** Recorded information **

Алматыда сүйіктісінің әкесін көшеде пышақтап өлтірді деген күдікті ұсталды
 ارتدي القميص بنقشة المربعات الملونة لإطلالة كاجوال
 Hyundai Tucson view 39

** Exercise objective **
All lines from the one that contains "ارتدي القميص بنقشة" through the end of the material are to be quoted exactly, with both ends included.

** Response to this task **
 ارتدي القميص بنقشة المربعات الملونة لإطلالة كاجوال
 Hyundai Tucson view 39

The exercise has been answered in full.